Two graduate students working with Faisal Hossain, professor of civil and environmental engineering at TTU, will receive training grants to fund their doctoral research for at least the next year through the NASA Earth and Space Science Fellowship program.
“These fellowships are evidence of the quality of Dr. Faisal Hossain’s research, which was instrumental in helping secure these funds for our students,” said Francis Otuonye, TTU’s associate vice president for research and graduate studies. “These fellowships ensure that TTU continues to train highly qualified students in disciplines needed to achieve NASA’s scientific goals.”
The program aims to ensure that NASA will continue to have highly skilled researchers and employees to meet NASA's goals.
The annual fellowship program received nearly 500 research proposals across its four divisions in 2012. Both TTU students' submissions were in the earth sciences category, which received nearly 300 proposals. Approximately 50 were funded from the entire pool.
Abel Woldemichael, a doctoral student from Ethiopia, will study the effect of large dams on storms that ravage the West Coast during the winter months. He will use satellite data, cloud tracking and numerical modeling to understand better how humans are modifying extreme weather patterns through infrastructure development.

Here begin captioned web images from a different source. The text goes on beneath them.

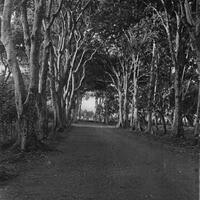 post-image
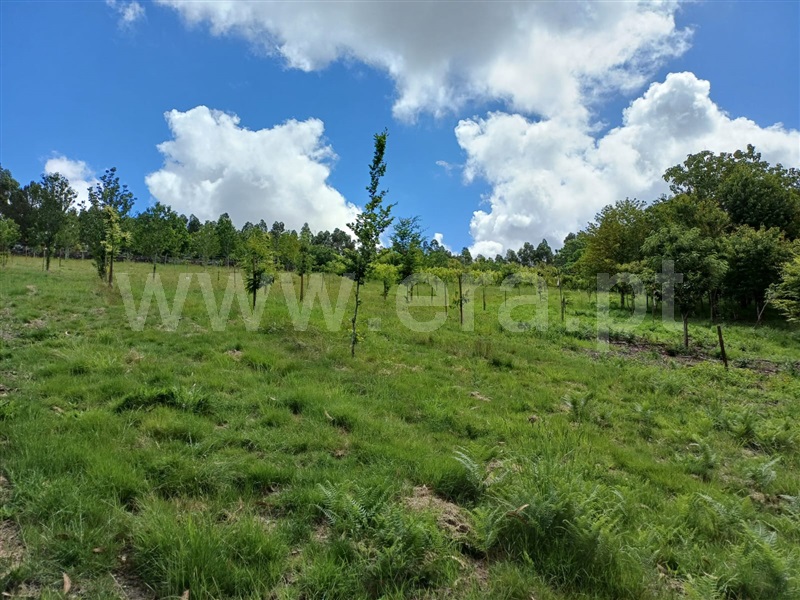Herdade  Vila Nova de Famalicão, Ribeirão - 1415456 - 10
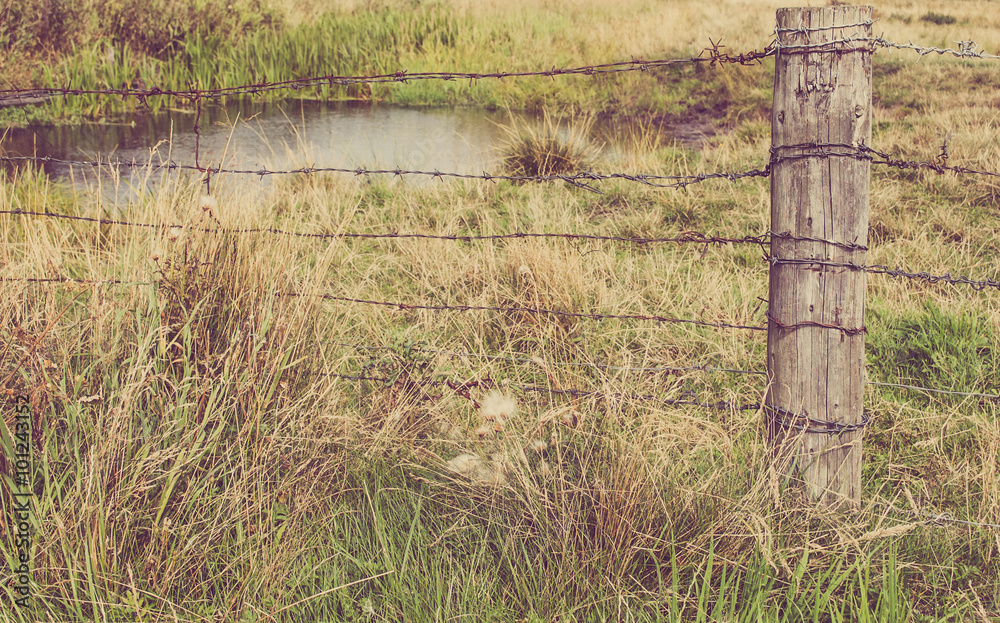 Fence with wooden pole and barbed wire. Focus on wooden pole. Fence with wooden pole and barbed wire. Focus on wooden pole.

Abebe Gebregiorgis, a doctoral student also from Ethiopia, will work on a project that aims to estimate the quality of satellite rainfall estimates around the world.
TTU is one of 35 institutions to receive funding in the earth sciences division this year. Others are the University of Wisconsin at Madison, Texas A&M, Princeton University, Massachusetts Institute of Technology and the University of Maryland.
The fellowship program selected the winning proposals based on academic excellence of the students applying, scientific merit of the project and the relevance of the proposals to NASA's objectives in earth and space science.
“To the best of my knowledge, this is the third NESSF award in the state of Tennessee since the program started in the 1990s, with all three of them going to TTU graduate students,” Hossain said. “Such awards are a recognition of the long-term plan to build a nationally visible graduate program in civil engineering.”